The queen and Ireland.
In one other regard the queen, by conduct which can only be assigned to care for her personal comfort at the cost of the public advantage, almost sapped the influence which the crown can legitimately exert on the maintenance of a healthy harmony among the component parts of the United Kingdom. Outside England she bestowed markedly steady favour on Scotland. Her sojourns there, if reckoned together, occupied a period of time approaching seven years. She spent in Ireland in the whole of her reign a total period of less than five weeks. During fifty-nine of her sixty-three years of rule she never set foot there at all. Her visit in her latest year was a triumph of robust old age and a proof of undiminished alertness of sympathy.
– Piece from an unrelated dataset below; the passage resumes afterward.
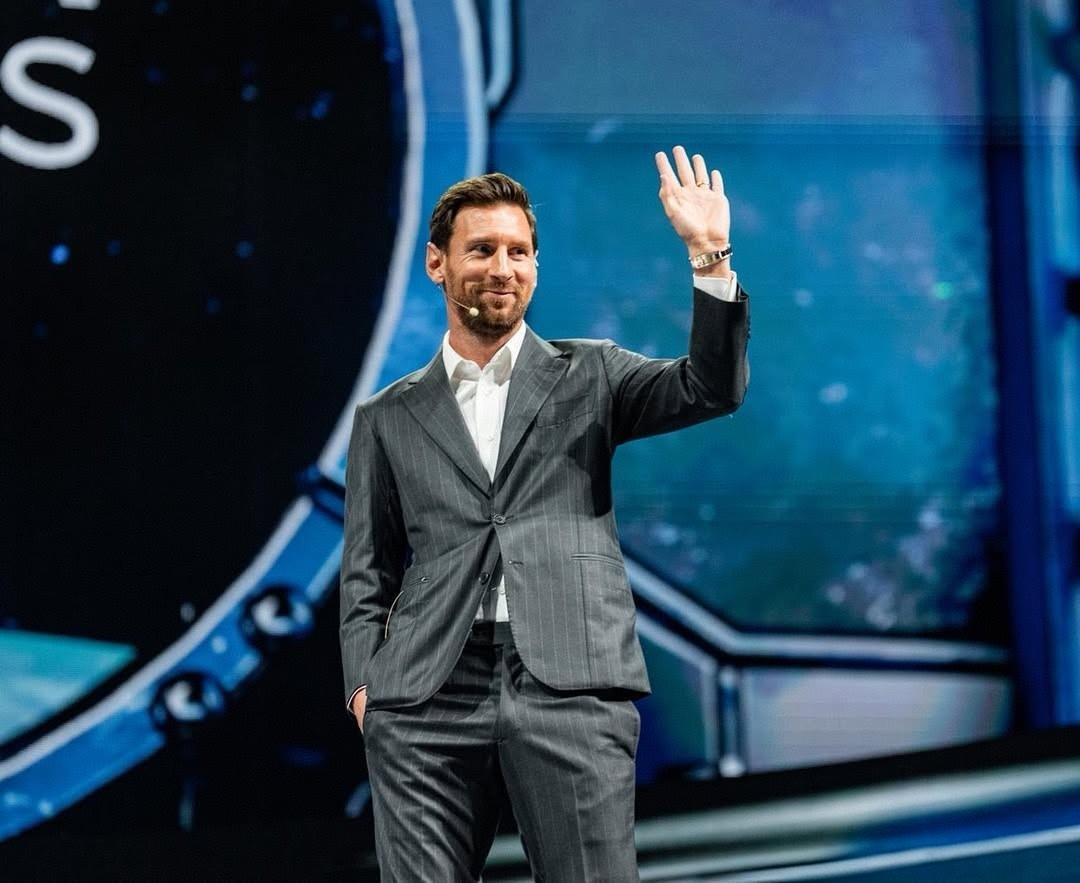 C罗再出神逻辑：因为你所在的国家历史上拿过世界杯冠军，所以你拿冠军没什么！梅西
But it brought into broad relief the neglect of Ireland that preceded it, and it emphasised the errors of feeling and of judgment which made her almost a complete stranger to her Irish subjects in their own land during the rest of her long reign.

The queen's foreign relations.
The queen's visits to foreign lands were intimately associated with her devotion to her family which was a ruling principle of her life. The kinsmen and kinswomen with whom her relations were closest were German, and Germany had for her most of the associations of home. She encouraged in her household many German customs, and with her numerous German relatives maintained an enormous and detailed correspondence. Her patriotic attachment to her own country of England and to her British subjects could never be justly questioned, and it was her cherished conviction that England might and should mould the destinies of the world; but she was much influenced in her view of foreign policy by the identification of her family with Germany, and by her natural anxiety to protect the interests of ruling German princes who were lineally related to her. It was ‘a sacred duty,’ as she said, for her to work for the welfare of Prussia, because her eldest daughter had married the heir to the Prussian crown. As a daughter and a wife she felt bound to endeavour to preserve the independence of the duchy of Saxe-Coburg-Gotha, whence her mother and husband sprang. Her friendship for Belgium was a phase of her affection for her uncle, who sat on its throne. The spirit of patriotic kingship was always strong enough in her to quell hesitation as to the path she should follow when the interest of England was in direct conflict with that of her German kindred, but it was her constant endeavour to harmonise the two.

Her temperament.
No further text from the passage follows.